(Records for this task):

- Opening Delimiter -

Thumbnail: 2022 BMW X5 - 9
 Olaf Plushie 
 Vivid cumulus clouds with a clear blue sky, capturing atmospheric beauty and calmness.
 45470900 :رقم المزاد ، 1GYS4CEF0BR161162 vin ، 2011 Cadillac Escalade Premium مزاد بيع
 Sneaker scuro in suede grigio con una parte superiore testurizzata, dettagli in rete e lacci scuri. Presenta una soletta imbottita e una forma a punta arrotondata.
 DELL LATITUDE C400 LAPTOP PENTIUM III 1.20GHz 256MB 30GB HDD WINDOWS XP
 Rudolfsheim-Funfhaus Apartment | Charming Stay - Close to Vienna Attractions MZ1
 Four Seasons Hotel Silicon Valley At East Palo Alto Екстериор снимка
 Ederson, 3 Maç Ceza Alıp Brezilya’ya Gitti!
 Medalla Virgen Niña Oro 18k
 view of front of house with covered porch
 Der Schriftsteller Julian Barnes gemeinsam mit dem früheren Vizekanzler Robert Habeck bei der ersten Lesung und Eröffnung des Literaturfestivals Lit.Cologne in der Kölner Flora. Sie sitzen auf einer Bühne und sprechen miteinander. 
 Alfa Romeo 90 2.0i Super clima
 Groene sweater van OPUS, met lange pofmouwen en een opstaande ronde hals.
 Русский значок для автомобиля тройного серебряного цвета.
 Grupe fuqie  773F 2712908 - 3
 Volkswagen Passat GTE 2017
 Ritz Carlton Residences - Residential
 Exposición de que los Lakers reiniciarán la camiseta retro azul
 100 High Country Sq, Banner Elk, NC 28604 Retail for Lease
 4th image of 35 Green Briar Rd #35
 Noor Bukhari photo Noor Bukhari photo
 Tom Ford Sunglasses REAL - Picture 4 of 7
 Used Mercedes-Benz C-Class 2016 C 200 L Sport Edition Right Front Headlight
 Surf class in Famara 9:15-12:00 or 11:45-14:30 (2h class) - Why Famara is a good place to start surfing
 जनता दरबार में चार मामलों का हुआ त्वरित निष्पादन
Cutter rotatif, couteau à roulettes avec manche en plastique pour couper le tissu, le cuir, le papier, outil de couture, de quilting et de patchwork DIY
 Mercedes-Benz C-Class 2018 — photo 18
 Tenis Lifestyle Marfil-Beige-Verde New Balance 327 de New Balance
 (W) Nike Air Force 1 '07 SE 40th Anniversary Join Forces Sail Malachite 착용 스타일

- Closing Delimiter -

(Exercise goal):
Each line of the data needs to be repeated exactly.

(Finished exercise):
Thumbnail: 2022 BMW X5 - 9
 Olaf Plushie 
 Vivid cumulus clouds with a clear blue sky, capturing atmospheric beauty and calmness.
 45470900 :رقم المزاد ، 1GYS4CEF0BR161162 vin ، 2011 Cadillac Escalade Premium مزاد بيع
 Sneaker scuro in suede grigio con una parte superiore testurizzata, dettagli in rete e lacci scuri. Presenta una soletta imbottita e una forma a punta arrotondata.
 DELL LATITUDE C400 LAPTOP PENTIUM III 1.20GHz 256MB 30GB HDD WINDOWS XP
 Rudolfsheim-Funfhaus Apartment | Charming Stay - Close to Vienna Attractions MZ1
 Four Seasons Hotel Silicon Valley At East Palo Alto Екстериор снимка
 Ederson, 3 Maç Ceza Alıp Brezilya’ya Gitti!
 Medalla Virgen Niña Oro 18k
 view of front of house with covered porch
 Der Schriftsteller Julian Barnes gemeinsam mit dem früheren Vizekanzler Robert Habeck bei der ersten Lesung und Eröffnung des Literaturfestivals Lit.Cologne in der Kölner Flora. Sie sitzen auf einer Bühne und sprechen miteinander. 
 Alfa Romeo 90 2.0i Super clima
 Groene sweater van OPUS, met lange pofmouwen en een opstaande ronde hals.
 Русский значок для автомобиля тройного серебряного цвета.
 Grupe fuqie  773F 2712908 - 3
 Volkswagen Passat GTE 2017
 Ritz Carlton Residences - Residential
 Exposición de que los Lakers reiniciarán la camiseta retro azul
 100 High Country Sq, Banner Elk, NC 28604 Retail for Lease
 4th image of 35 Green Briar Rd #35
 Noor Bukhari photo Noor Bukhari photo
 Tom Ford Sunglasses REAL - Picture 4 of 7
 Used Mercedes-Benz C-Class 2016 C 200 L Sport Edition Right Front Headlight
 Surf class in Famara 9:15-12:00 or 11:45-14:30 (2h class) - Why Famara is a good place to start surfing
 जनता दरबार में चार मामलों का हुआ त्वरित निष्पादन
Cutter rotatif, couteau à roulettes avec manche en plastique pour couper le tissu, le cuir, le papier, outil de couture, de quilting et de patchwork DIY
 Mercedes-Benz C-Class 2018 — photo 18
 Tenis Lifestyle Marfil-Beige-Verde New Balance 327 de New Balance
 (W) Nike Air Force 1 '07 SE 40th Anniversary Join Forces Sail Malachite 착용 스타일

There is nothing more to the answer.